Govt must dismantle criminality to build up skills, Obi says

Founder of Centre for Value in Leadership (CVL), Prof Pat Utomi(left); presidential candidate of Labour Party (LP), Peter Obi; and Cosmas Maduka, one of the discussants and chairman of Coscharis Group at the 20th CVL Annual Lecture and International Leadership Symposium in Lagos, yesterday.

Don blames insecurity on poor economy
Presidential candidate of Labour Party (LP), Peter Obi, has said the country must end criminality to build up skills and entrepreneurship.

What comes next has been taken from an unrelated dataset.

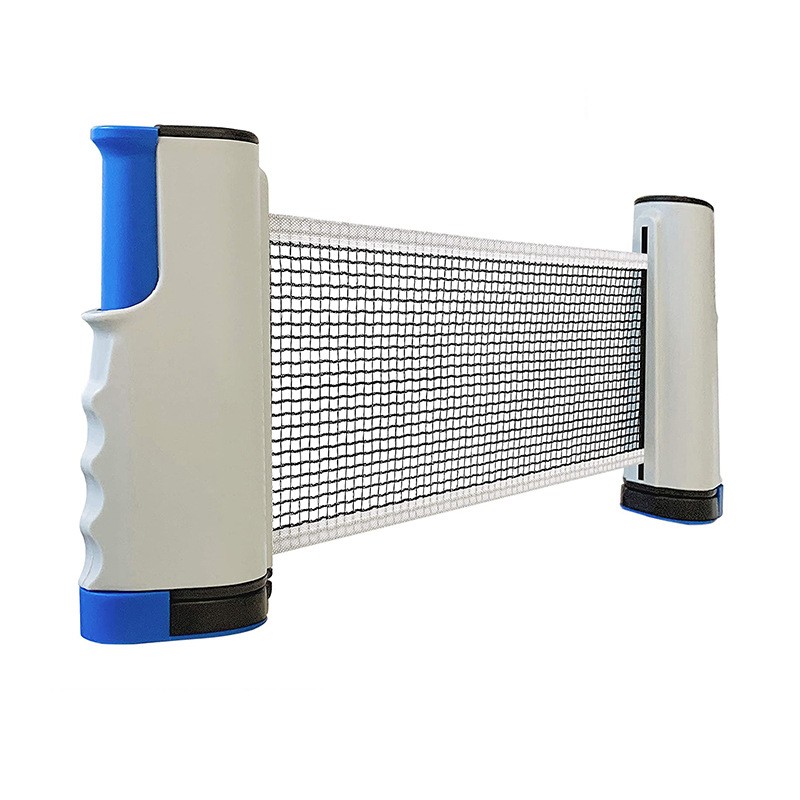 5英寸自由可伸缩乒乓球网架校园训练乒乓球网 灰蓝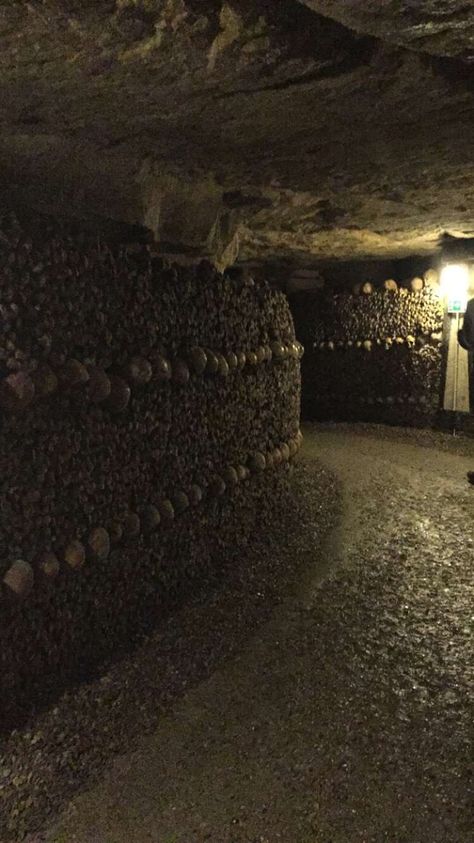 Paris Catacombs Aesthetic, Catacombs Aesthetic, French Catacombs, Victor Aesthetic, Paris Catacombs, Masterpiece Theater, Spooky Places, The Catacombs, Dark Images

He said this, yesterday, in Lagos, at the 21st yearly lecture and international leadership symposium by the Centre for Values and Leadership (CVL), founded by Prof. Pat Utomi.

Noting that corruption and criminality kill hard work, he said there must be a deliberate fiscal policy by the government to grow talents, skills and entrepreneurship.


According to him, any country where people in government are richer than businessmen or manufacturers will not survive.

“Nigeria, I believe, is a great country but first, we must dismantle the criminality in government and then we can reverse it. Corruption kills entrepreneurship, professionalism and nobody thinks well in a corrupt country,” he said.

CVL founder, Utomi, said Nigeria must stimulate entrepreneurship for global enterprise.

“How do we look at our endowment and take specific endowment that we want to become global leaders in those value chains and use limited industrial policy to stimulate the sector and facilitate young people to becoming producers in that sector,” he said.


Co-speaker, Dr Henrietta Onwuegbuzie, of the Lagos Business School, who spoke on‘Skills-Driven Entrepreneurship’, said Nigeria must adopt a new set of education, where one chooses, according to what he or she wants to study.

MEANWHILE, a senior lecturer in the Department of Criminology and Security Studies, University of Ilorin (UNILORIN), Dr Monsurat Isiaka, has attributed the ravaging insecurity across the country to the prevailing poor economic situation.


Consequently, she appealed to the Federal Government to address and arrest the nation’s dwindling economy, noting that “as long as the nation’s economy is in comatose, crimes and criminality would continue to be the order of the day.”

Isiaka, a specialist in the Criminal Justice System and Terrorism, stated this in a chat in her office.

She argued that the need to make ends meet by jobless Nigerians or whose means of livelihood are being threatened by unbridled economic degradation led to increasing criminality across the country.